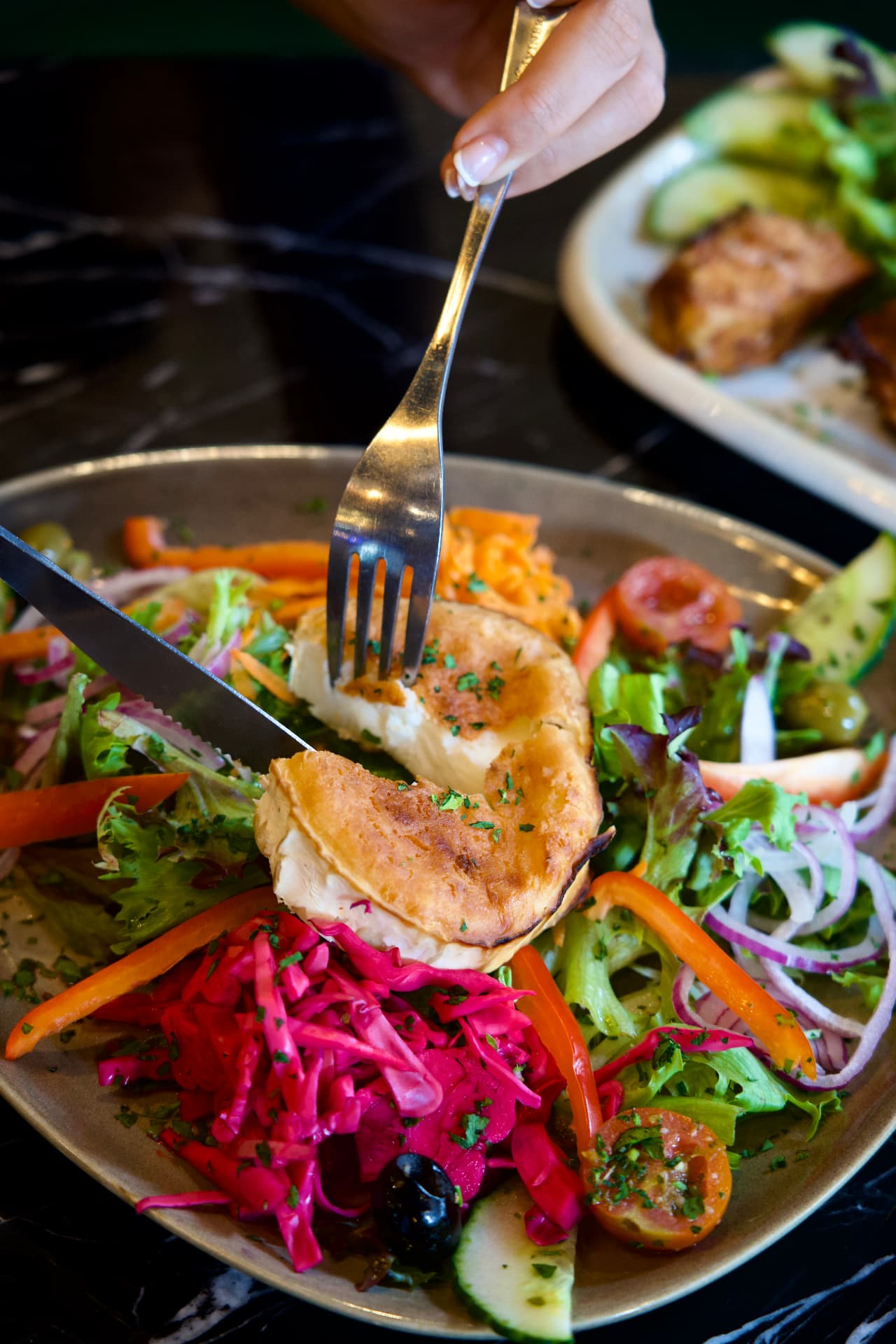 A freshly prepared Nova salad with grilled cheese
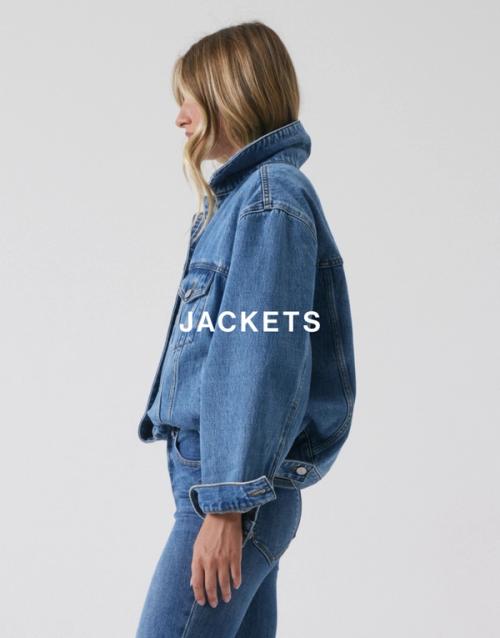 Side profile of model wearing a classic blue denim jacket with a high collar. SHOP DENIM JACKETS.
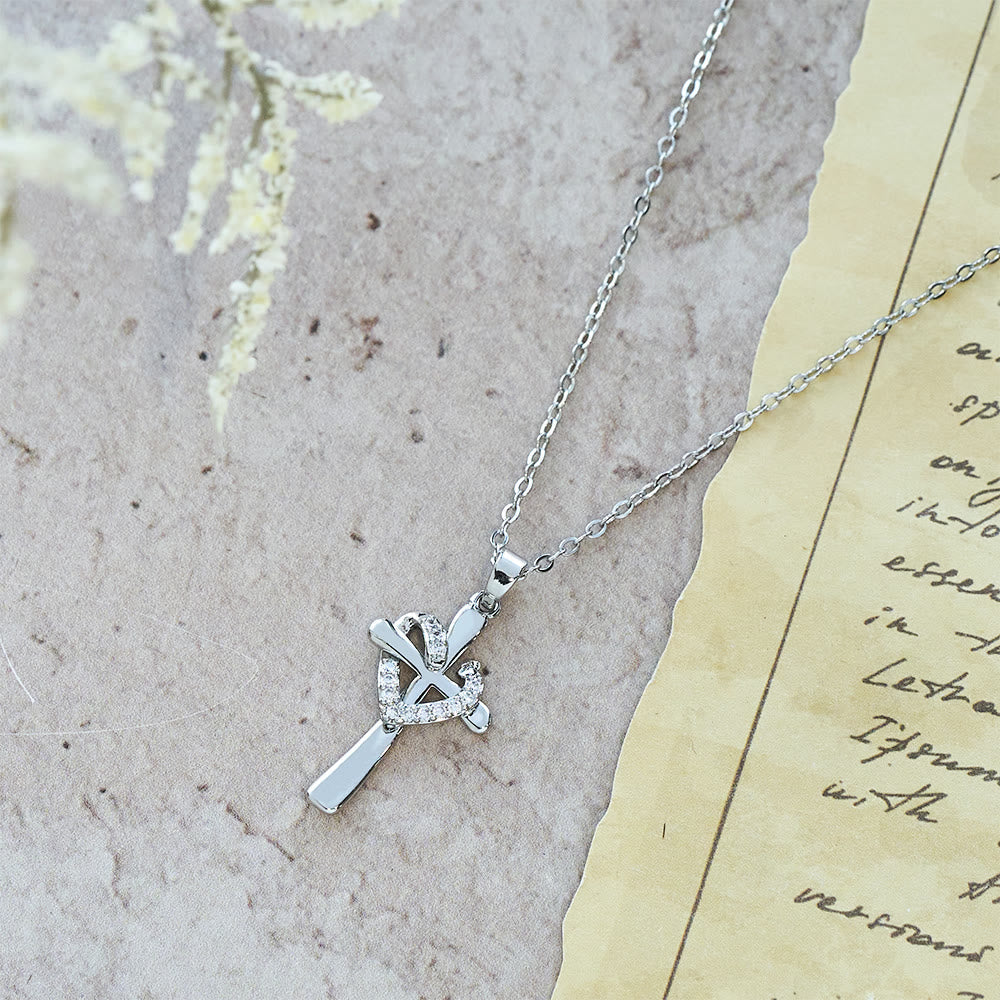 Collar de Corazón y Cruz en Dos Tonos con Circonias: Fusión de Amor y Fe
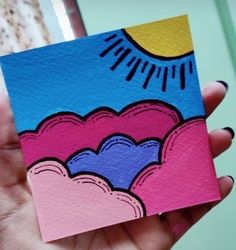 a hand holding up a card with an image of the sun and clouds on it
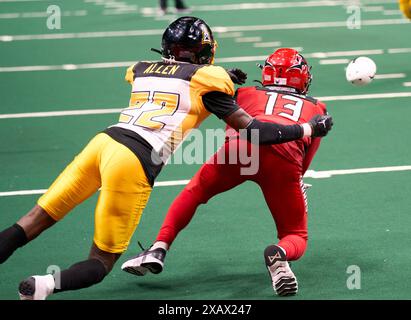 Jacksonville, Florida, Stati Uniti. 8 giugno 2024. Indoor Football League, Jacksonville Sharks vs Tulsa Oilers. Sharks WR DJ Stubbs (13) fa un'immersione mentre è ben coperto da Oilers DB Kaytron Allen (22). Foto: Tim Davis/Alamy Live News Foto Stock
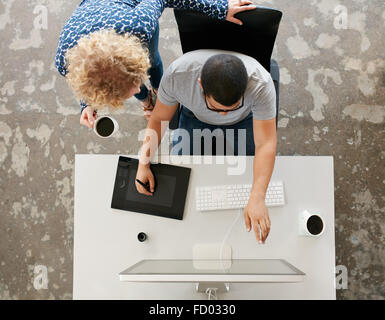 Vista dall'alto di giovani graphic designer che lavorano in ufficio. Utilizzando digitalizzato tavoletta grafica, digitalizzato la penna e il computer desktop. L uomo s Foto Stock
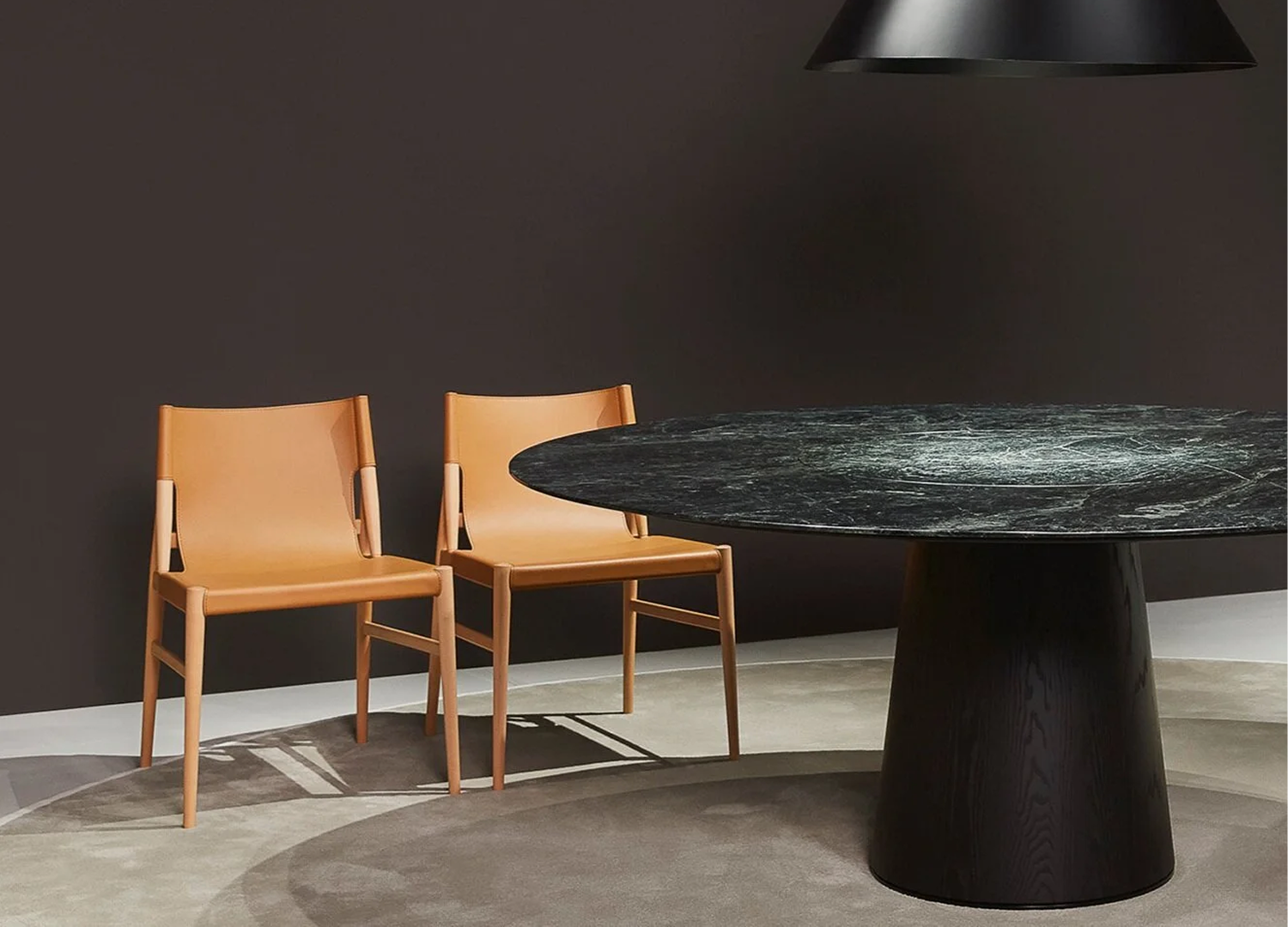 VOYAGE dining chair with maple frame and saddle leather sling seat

## Problem description
Above are records; write out the lines from the one with "Collar de Corazón" down to the one with "Vista dall'alto di", exactly, leaving the pictures out.

## Response
 Collar de Corazón y Cruz en Dos Tonos con Circonias: Fusión de Amor y Fe
 a hand holding up a card with an image of the sun and clouds on it
 Jacksonville, Florida, Stati Uniti. 8 giugno 2024. Indoor Football League, Jacksonville Sharks vs Tulsa Oilers. Sharks WR DJ Stubbs (13) fa un'immersione mentre è ben coperto da Oilers DB Kaytron Allen (22). Foto: Tim Davis/Alamy Live News Foto Stock
 Vista dall'alto di giovani graphic designer che lavorano in ufficio. Utilizzando digitalizzato tavoletta grafica, digitalizzato la penna e il computer desktop. L uomo s Foto Stock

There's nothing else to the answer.